On Tue, Sep 1, 2020 at 9:57 PM David Feuer <david.feuer@gmail.com> wrote:
Yes, the n not being inside the O is the point. These structures hold n pointers in n words, plus a logarithmic term. Something like a linked list or Data.Sequence will hold n pointers in around c*n words, where c>1. For a list, c=3.

On Wed, Sep 2, 2020, 12:26 AM ☂Josh Chia (謝任中) <joshchia@gmail.com> wrote:
Isn't a stack O(1) time for push & pop and O(n) space? What is the tradeoff being made here, where both space and time complexity increased?

Or, am I missing something about the meaning of "n + O(log)", where the 'n' is not inside an 'O'. I don't really know what "n + O(log)" means exactly.

On Wed, Sep 2, 2020 at 12:21 PM David Feuer <david.feuer@gmail.com> wrote:
Typical stacks, queues, and deques are designed to have O(1) operations. These ones experiment in a different direction.

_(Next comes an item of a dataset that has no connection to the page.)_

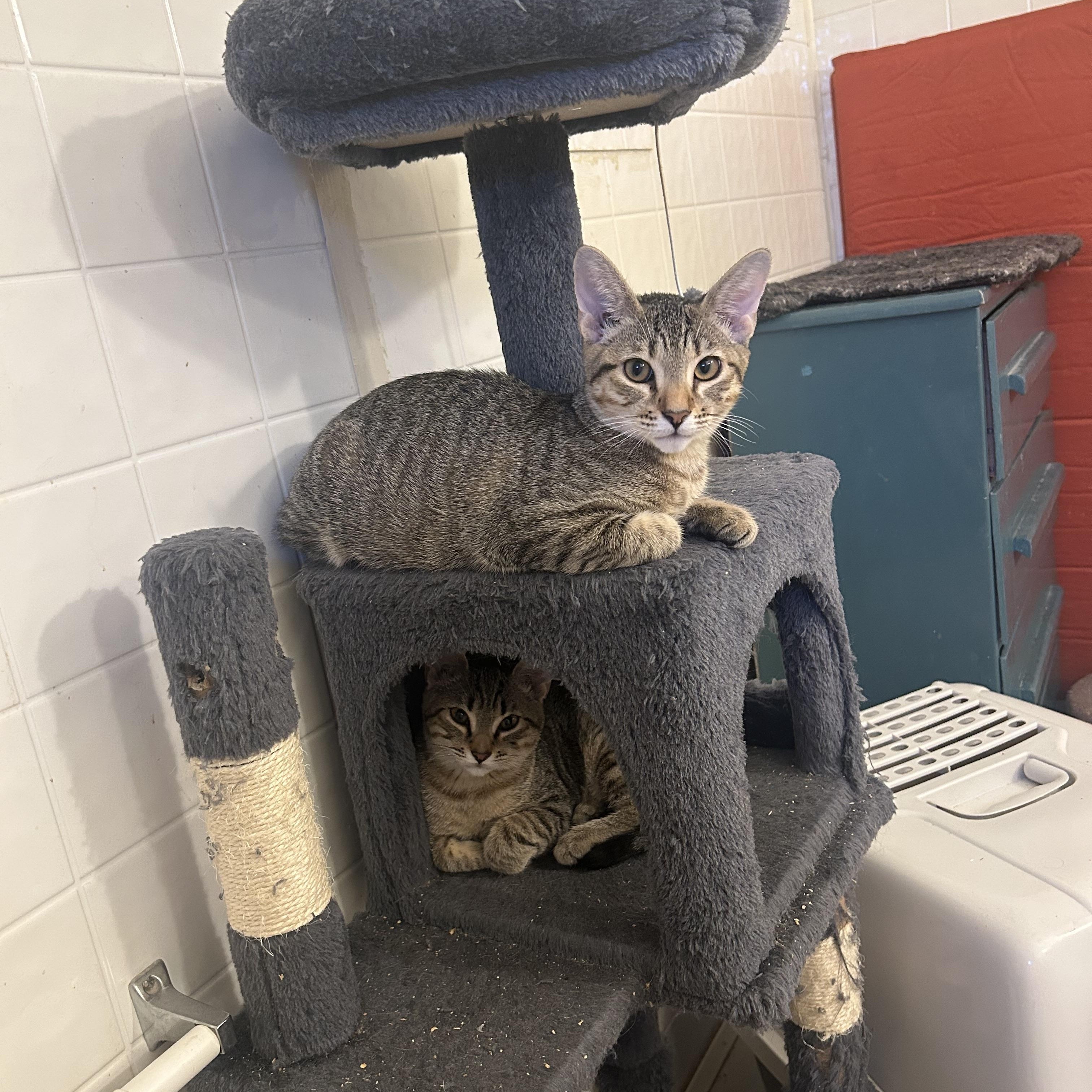 Enlarge Mojie and Mimi (M and F siblings), a Adoptable mixed breed in Prescott, AZ image 4/5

On Wed, Sep 2, 2020, 12:19 AM ☂Josh Chia (謝任中) <joshchia@gmail.com> wrote:
Could you elaborate on what the package does? The description is "Stacks, queues, and deques that take n + O(log n) space at the cost of having amortized O(log n) time complexity for basic operations." But why is it a 'cost' to have O(log n) instead of O(n) cost for basic operations on list-like structures (such as insert and delete presumably)? So, I didn't understand what the package is for.

Do you mean "take amortized O(log n) time for basic operations at the cost of n + O(log n) space"? Or is it something else I didn't imagine?



On Wed, Sep 2, 2020 at 4:17 AM David Feuer <david.feuer@gmail.com> wrote:
I am pleased to release the second version of the compact-sequences
package, now with deques!

Changes:
* Add deques.
* Change operator precedence.
* Add a test suite. Thanks to David Himmelstrup for setting up the
test and CI framework.
* Clean up internals somewhat.
* Add a proof of amortized bounds for the stack implementation.
Thanks, Li-Yao Xia.

There are still plenty of things to work on, and help is always welcome.